### Problem to solve
The output must be exactly the lines from the "GOYARD MONTE-CARLO PM" line through the end of the listing below, with no picture included.

(The data begins)

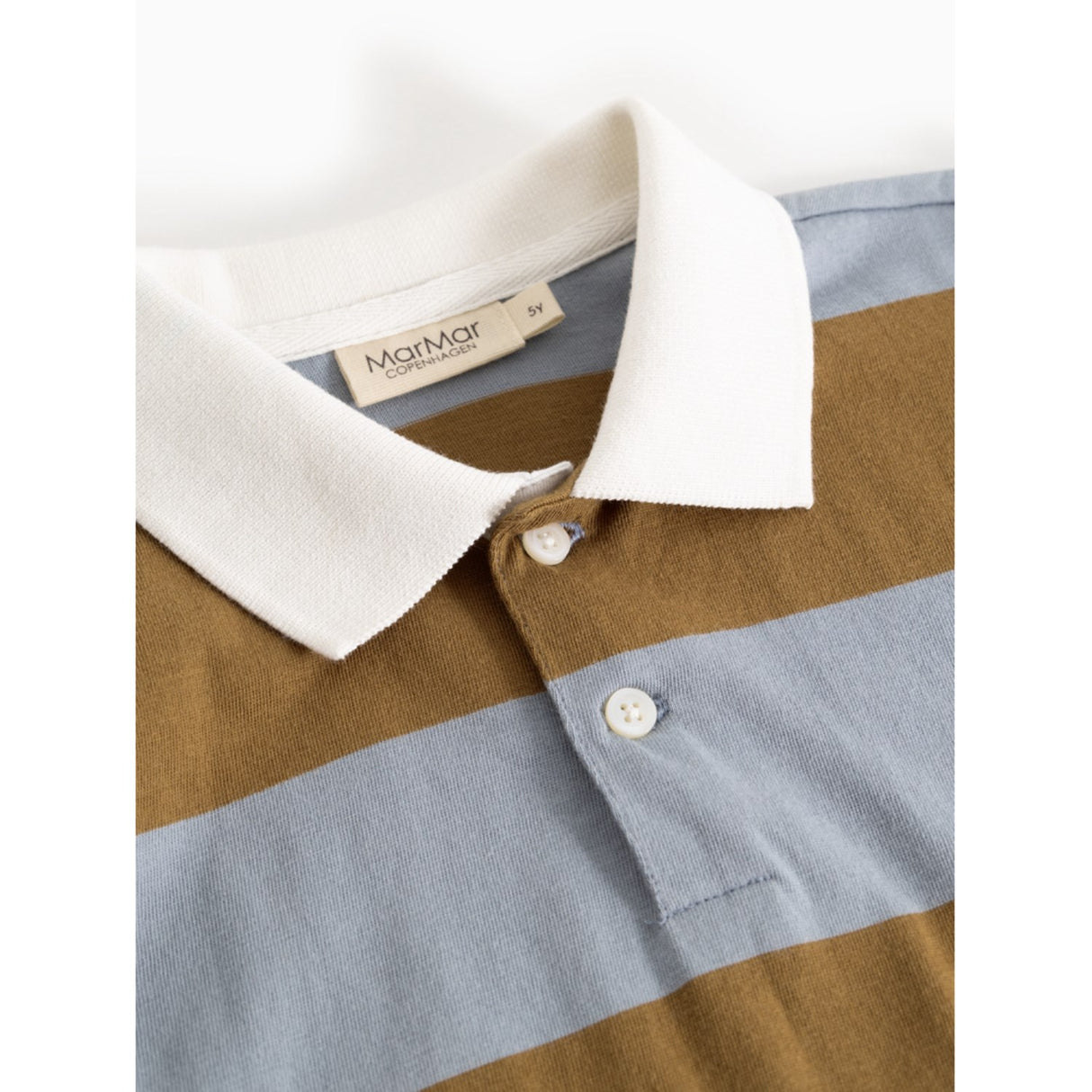 MarMar Cotton Jersey Monsoon Blue Stripe Tad Polo LS Blouse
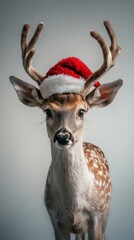 Festive deer in a Santa hat. AI.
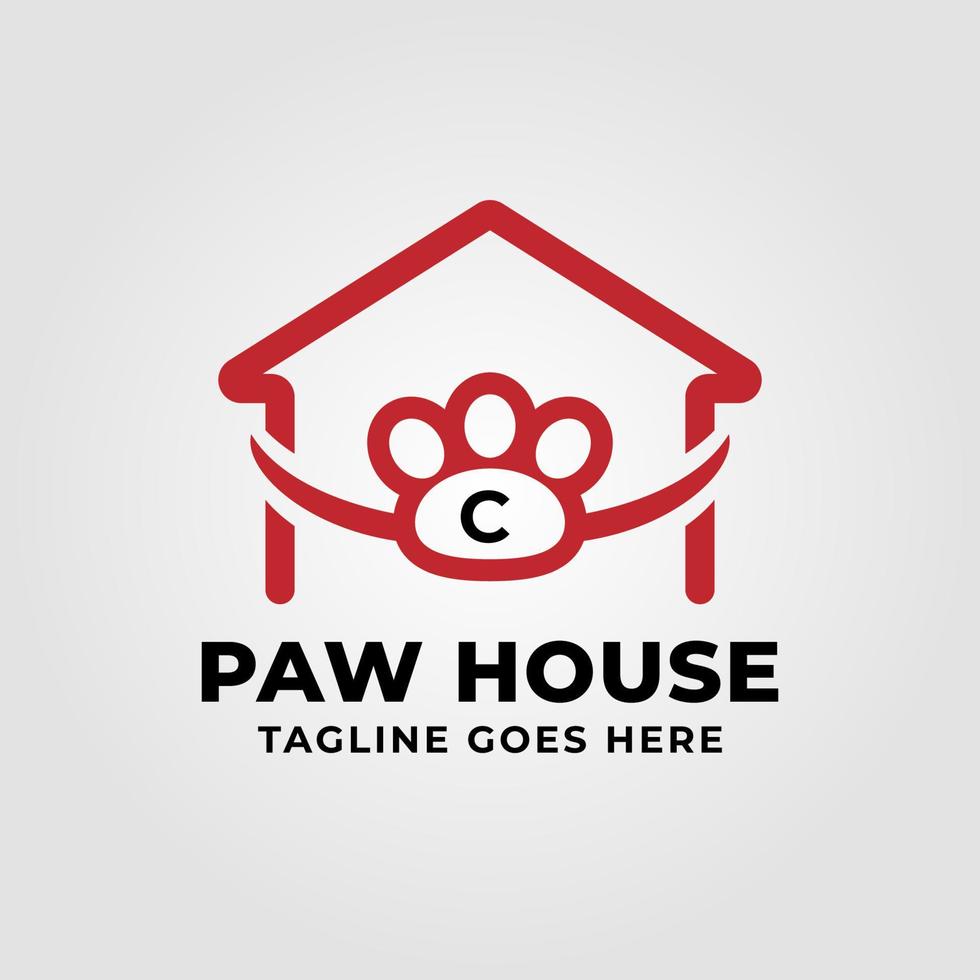 letter C paw house vector logo design element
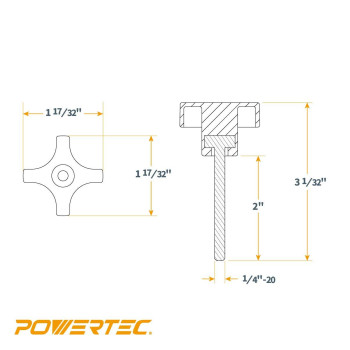 Powertec Qnb3011 4Point Stud Knob 1420 2 Long 5 Pk Black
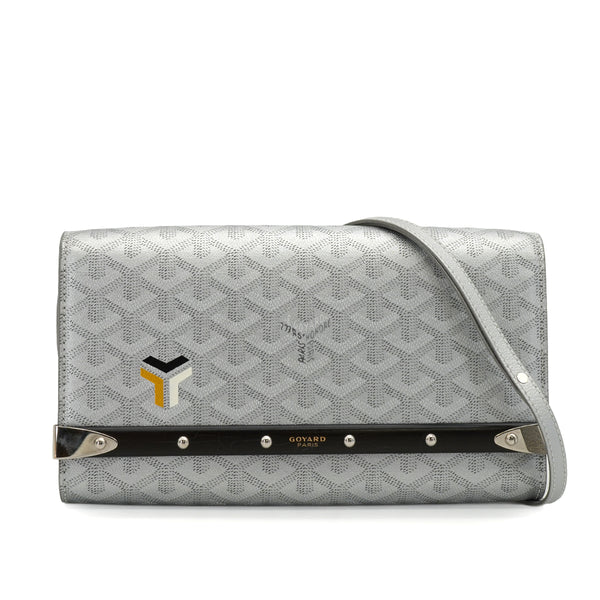 GOYARD MONTE-CARLO PM CLUTCH SHOULDER BAG SILVER PVC LEATHER SILVER HARDWARE 90344096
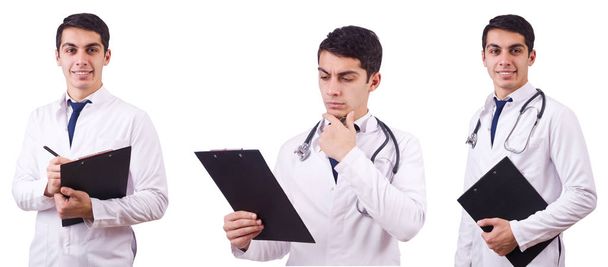 Médico masculino aislado en el blanco
 - Foto, imagen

(The data ends)

### Task response
 GOYARD MONTE-CARLO PM CLUTCH SHOULDER BAG SILVER PVC LEATHER SILVER HARDWARE 90344096
 Médico masculino aislado en el blanco
 - Foto, imagen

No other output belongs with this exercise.